Pois muito bem, se o nosso Governo da República entende que esta via de ensino promove tão bons resultados como aqueles que nos quer fazer querer, porque não utilizar este mesmo sistema de ensino com as nossas crianças, adolescentes e jovens que como se diz por aí serão os homens e as mulheres de amanhã, ou melhor ainda serão a garantia de um futuro próspero, rigoroso e competente, eu pergunto:

Com que bases?

Quero lembrar aos nossos governantes que esta medida acima proposta, principalmente num período de crise sócio-económica como nunca se viveu, só trás vantagens, pois desta forma poderia-se poupar em livros, manuais, material escolar e transportes, visto que na maioria dos casos os candidatos só precisam de aparecer duas ou três vezes por mês no centro de novas oportunidades onde estão inscritos para apresentarem trabalhos realizados sabe-se lá por quem, enfim, tanta poupança numa pequena lista de recursos que não são precisos para esta nova via de ensino.
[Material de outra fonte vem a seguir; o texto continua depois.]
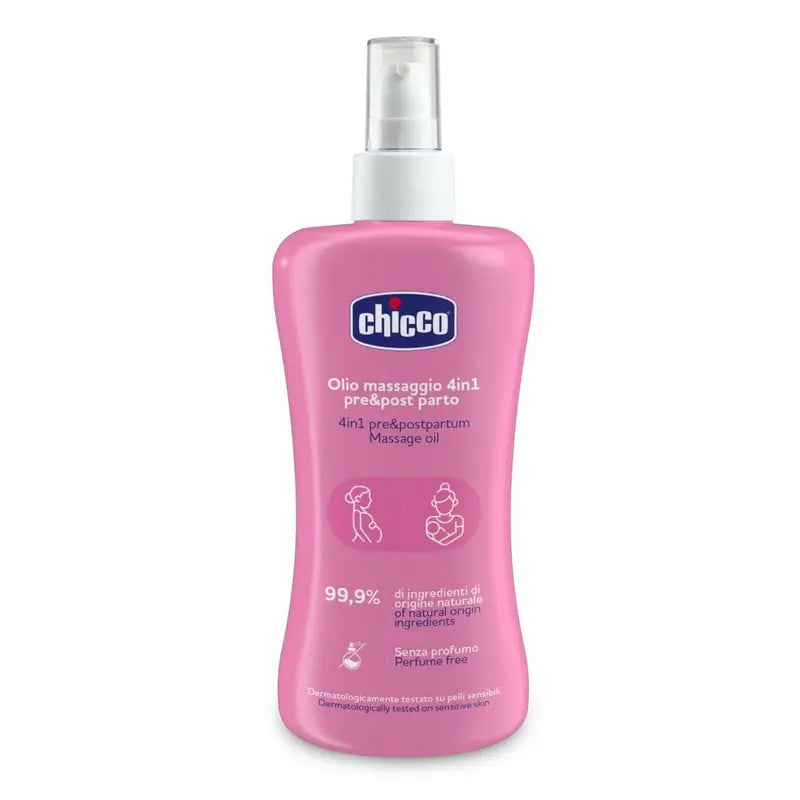 Chicco Aceite De Masaje Pre-Post Parto 4En1 , 200 ml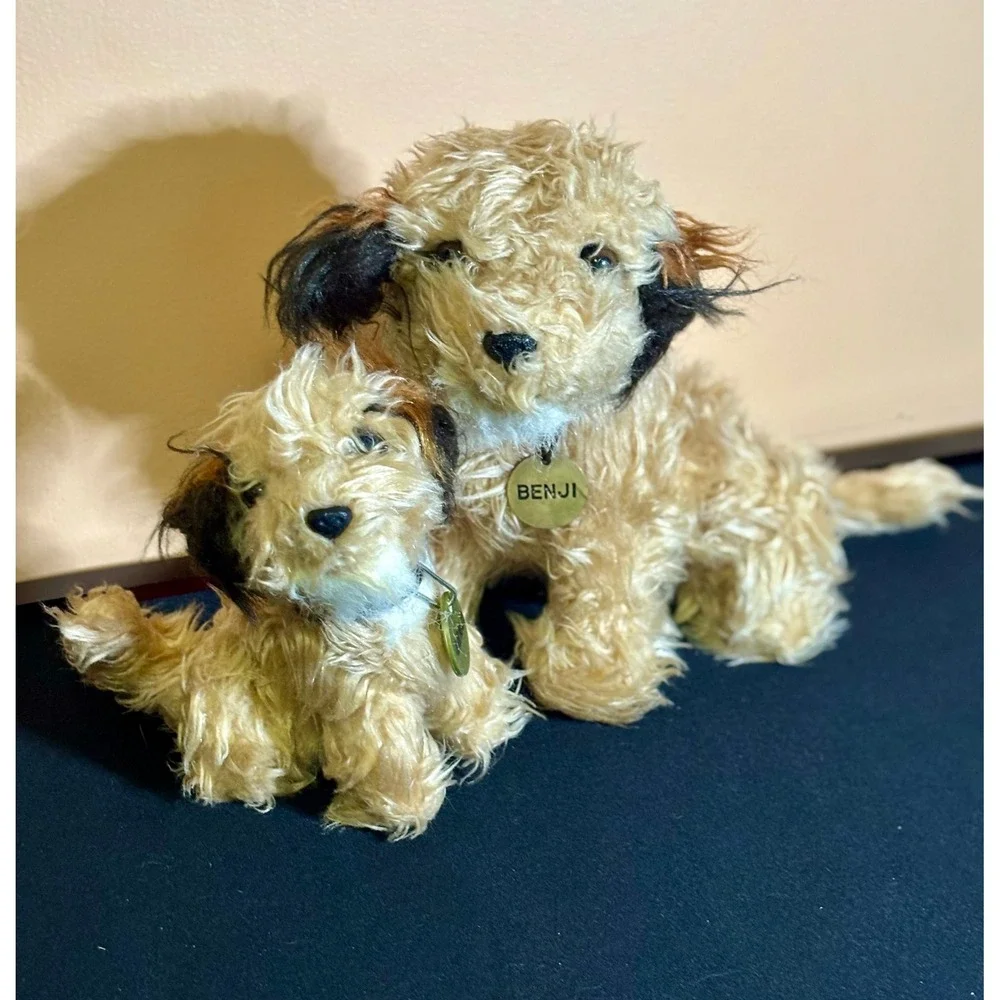 Vintage 1978 Dakin Benji Dog Plush Set Movie Border Terrier Stuffed Animal Puppy
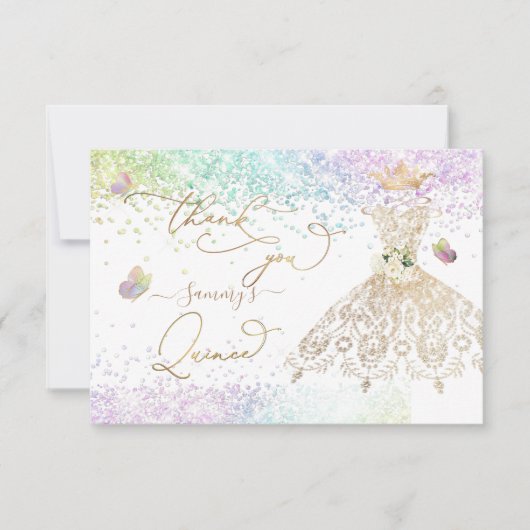 Quinceanera White Gold Glitter Gown Pastel Harteli Bedankkaart (Voorkant)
Não me interpretem como um radicalista, pois julgo usar de bom-senso e apenas estou a comentar factos e medidas tomadas à vista de todos, o problema poderá estar na interpretação, mas se juntar-mos a tudo isto que referi uma das últimas medidas governamentais que consiste em acabar com a alternativa do ensino secundário pós-laboral, não me deixa margem para interpretar esta propaganda de outra forma, ou seja, Novas Oportunidades é o caminho a seguir.

Não me vou alongar mais, pois este é apenas mais um caso que mostra bem as desvantagens das minorias, mas provavelmente, é por estas e por outras que gosto de me incluir nelas.

1 comentário:

  1. Concordo com tudo aquilo que este artigo divulga. Porque, o verdadeiro ensino nas novas oportunidades não existe. Existe sim, uma forma de validar os ensinamentos adquiridos ao logo da vida, e as\os professores\as não ensinam, só orientam nos trabalhos propostos….
    Mas o que vamos fazer se no próprio governo, alguns elementos saltaram a cadeira de matemática? Basta ver como está o país ao nível das finanças, é mesmo de quem não sabe fazer contas, lol, lol…
    Queria deixar algumas perguntas no ar:
    - Será que está a ser criado um novo tipo de descriminação social?
    - Será que daqui a alguns anos este tipo de ensino será valorizado pelos nossos empresários?
    - Ou será que no futuro vamos ouvir perguntas sobre que tipo de 12º ano é que se tem?